Op-Ed appeared in the Providence Journal on March 9, 2010
With a $295 million shortfall facing our state, the time has come to enact comprehensive reform that closes the loopholes multi-state corporations exploit to avoid paying the same taxes our Rhode Island-owned small businesses are paying. Although several changes were made to curtail corporate tax-avoidance strategies in 2007, the reforms were piecemeal and widely believed to be ineffective as companies quickly found new ways of sheltering their profits.
One of the tricks many multi-state or multi-national corporations use to dodge state taxes is to hide their Rhode Island profit in a “shell” corporation or other out-of-state entity that is not subject to our state’s taxes. In response to this problem, we have introduced legislation that would stop this end-run by implementing “combined reporting” in Rhode Island. Under combined reporting, corporations that have businesses in other states or countries must combine all subsidiaries as a unitary entity and then pay taxes to Rhode Island based on the percentage of net business profit or loss generated by its Rhode Island operations. Under combined reporting, tax liability is determined by the level of corporate in-state activity, not by the sophistication of corporate structure.
The main arguments in opposition to ending the shell game will be simple, vociferous and unfounded. The first claim opponents will make is that combined reporting will create a huge administrative burden on corporations. Additionally, critics will say that corporations will leave the state and go to states without combined reporting, taking their jobs with them. But many of our state’s largest employers are already subject to combined reporting in other states.
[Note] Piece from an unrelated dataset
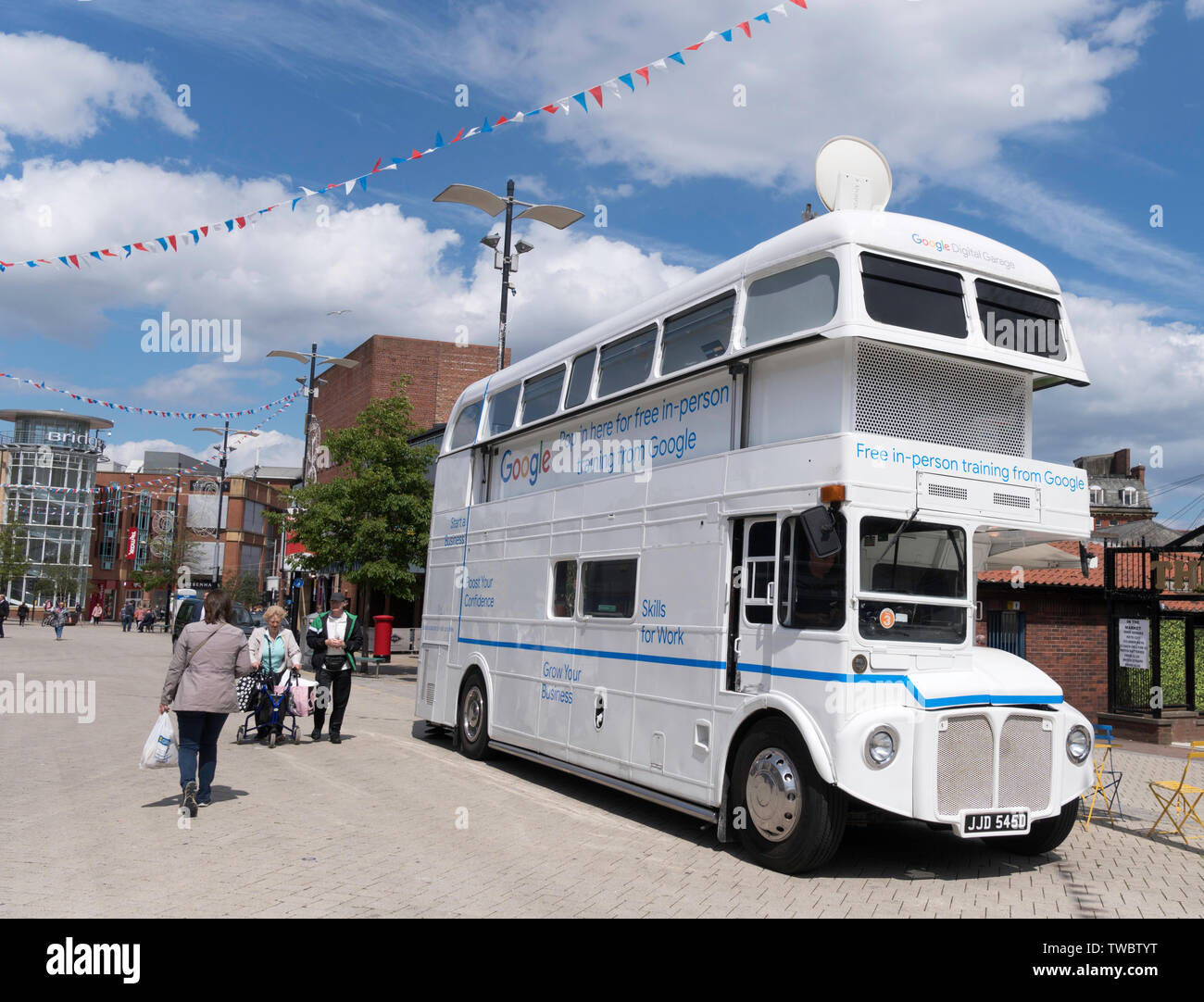Google Garage Stock Photos Google Garage Stock Images Alamy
CVS employs 6,300 people here, and operates in 21 combined reporting states, while Bank of America has 3,500 employees in the state and is in all 23 combined-reporting states. New York, Maine, Vermont and New Hampshire have combined reporting, and Massachusetts joined them in 2009. There are serious ongoing discussions about of enacting it in Connecticut as well. The momentum has shifted in New England and the country. A majority of states that collect corporation business taxes use the combined reporting method to appropriately capture taxes owed in-state. It is time for Rhode Island to join them.
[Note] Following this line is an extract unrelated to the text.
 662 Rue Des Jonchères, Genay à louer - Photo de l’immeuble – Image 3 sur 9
Through combined reporting, Rhode Island not only stands to reclaim tax revenue from corporations that circumvent the system, but we also stand to level the playing field for our small businesses that play by the rules.
Combined reporting is not “raising” a tax on big businesses. It’s just stopping them from using a shell game to evade the taxes that our homegrown businesses are paying. It’s fair to all businesses, and it would help the state collect the money that it is owed — money our state needs now more than ever.